Ces pays devraient donner suite à ces opérations de communication avec plus de transparence quant au sort réservé à leurs ressortissants après leur retour, et permettre un contrôle et un suivi indépendants des programmes de réinsertion afin d’assurer leur conformité avec les normes internationales des droits humains. Ils devraient également adopter la même approche à l’égard de toutes les poursuites de personnes rapatriées, compte tenu des antécédents de procès inéquitables et de torture dans la région.

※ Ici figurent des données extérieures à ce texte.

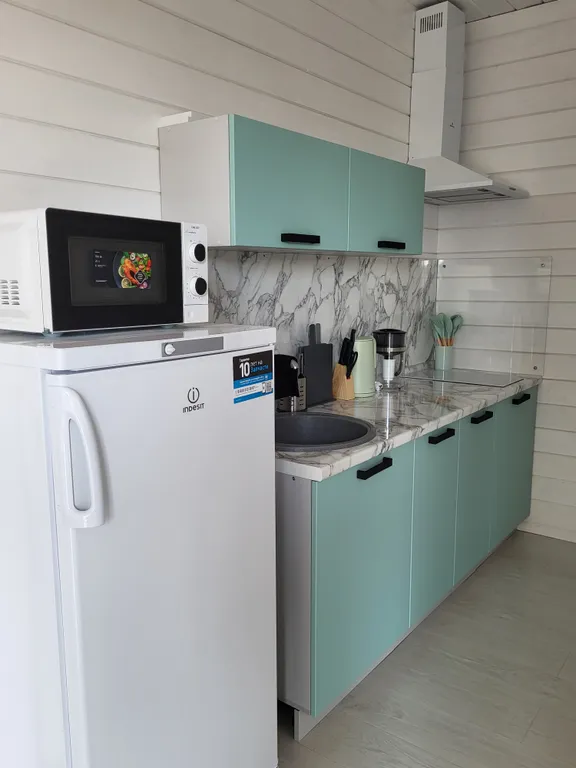 Дом Уютный на заливе реки Нерль с видом на лес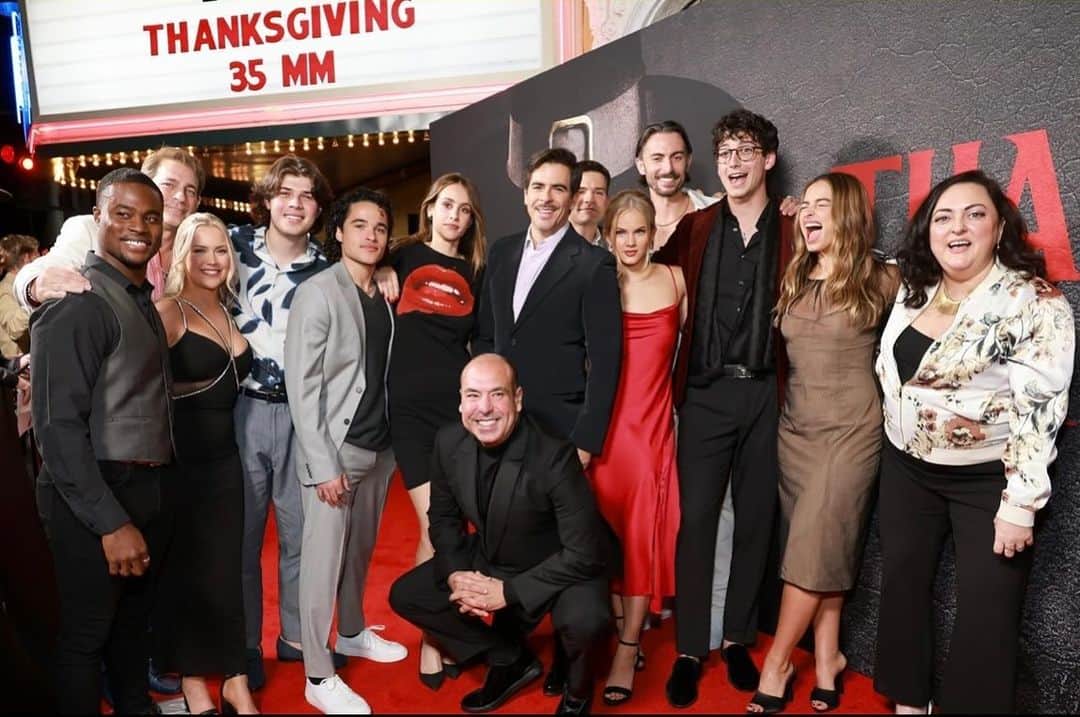 リック・ホフマンのインスタグラム：「Thanksgiving Screening with/Cast was so much fun!! Proud of this entire cast, and @realeliroth making a full on, kick ass, real horror classic. Can’t believe it comes out tomorrow!!! #thanksgivingmovie」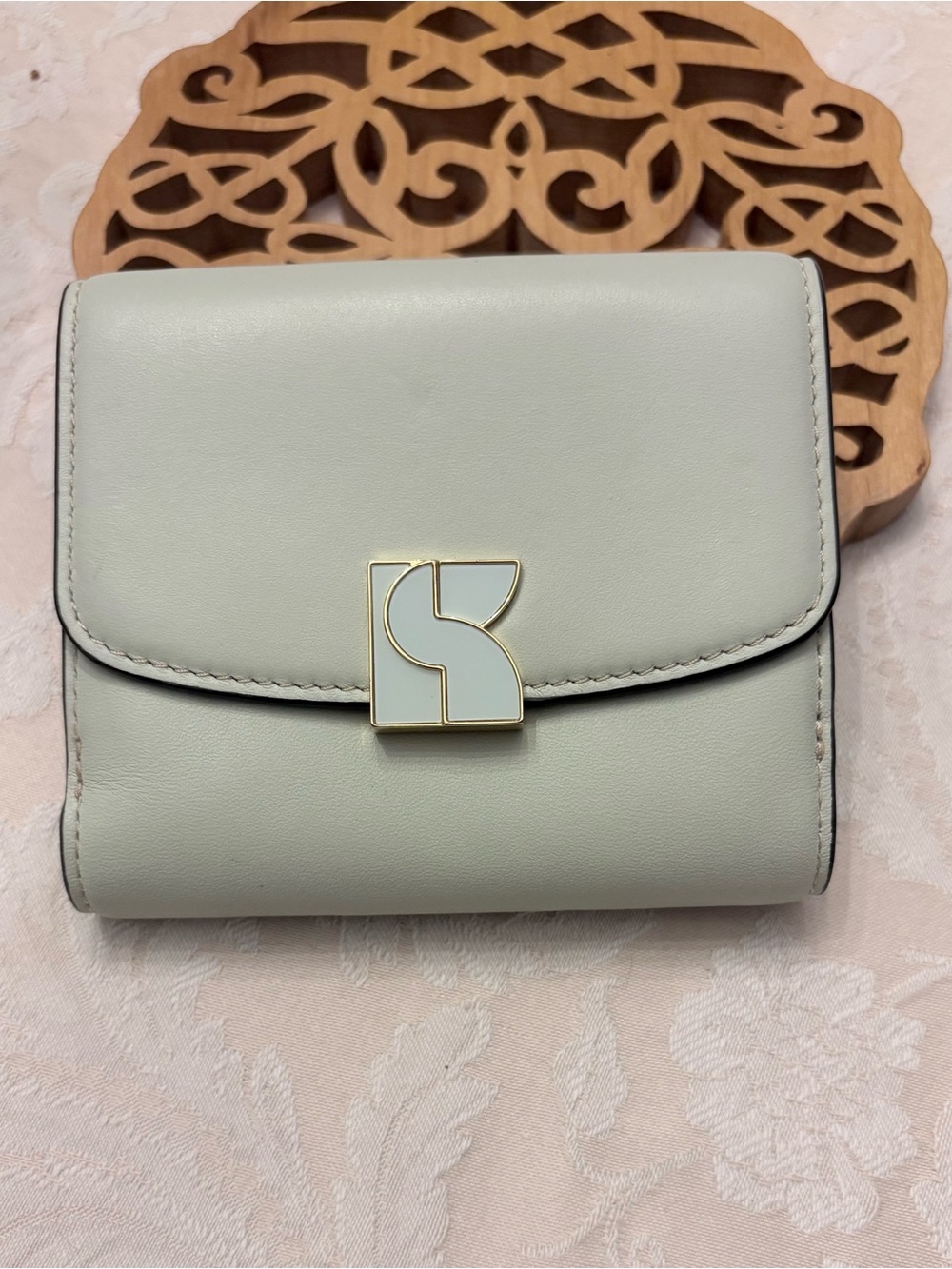 Kate Spade Dakota Bifold Flap Wallet - Sage Green LNC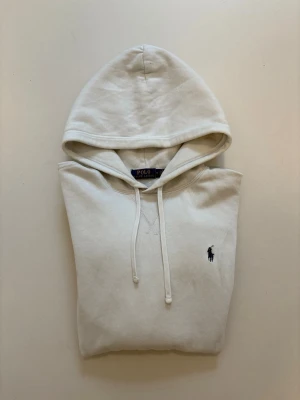 Vit Ralph lauren hoodie - Vit Polo Ralph Lauren hoodie //  Storlek M //  Mycket bra skick //  Skriv vid minsta fråga eller fundering🤝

En mai, Fionnuala Ni Aolain, Rapporteure spéciale sur la promotion et la protection des droits de l’homme dans la lutte anti-terroriste, a fait part de ses inquiétudes quant à la législation anti-terroriste du Kazakhstan, qui pouvait confondre extrémisme violent et expression pacifique d’opinions religieuses, et ainsi porter atteinte aux libertés d’expression, d’assemblée et de croyance. Elle a néanmoins reconnu et félicité les efforts de ce pays en matière de retours et de réintégration de ses ressortissants, notant que le Kazakhstan œuvrait en ce sens bien plus que d’autres pays européens.

Tous les pays, y compris ceux d’Europe occidentale, dont les ressortissants sont détenus en Irak et au nord-est de la Syrie doivent agir sur ces deux problématiques essentielles : tout d’abord, le droit de chacun de retourner dans son pays d’origine, sans que ce dernier les en empêche directement ou indirectement ; ensuite, le devoir de garantir que justice soit faite pour les pires crimes commis en Syrie et en Irak et que leurs principaux responsables soient poursuivis dans le cadre de procès équitables.

Les conditions de vie dans les camps et dans les centres de détention dans le nord-est de la Syrie et en Irak, avec des enfants qui seraient morts de maladies évitables à al-Hol, sont désastreuses. Ces camps constituent également un terreau idéal pour l’extrémisme violent. Cela rend d’autant plus urgent que les pays d’Europe de l’Ouest cessent de traîner des pieds et veillent au rapatriement de leurs ressortissants.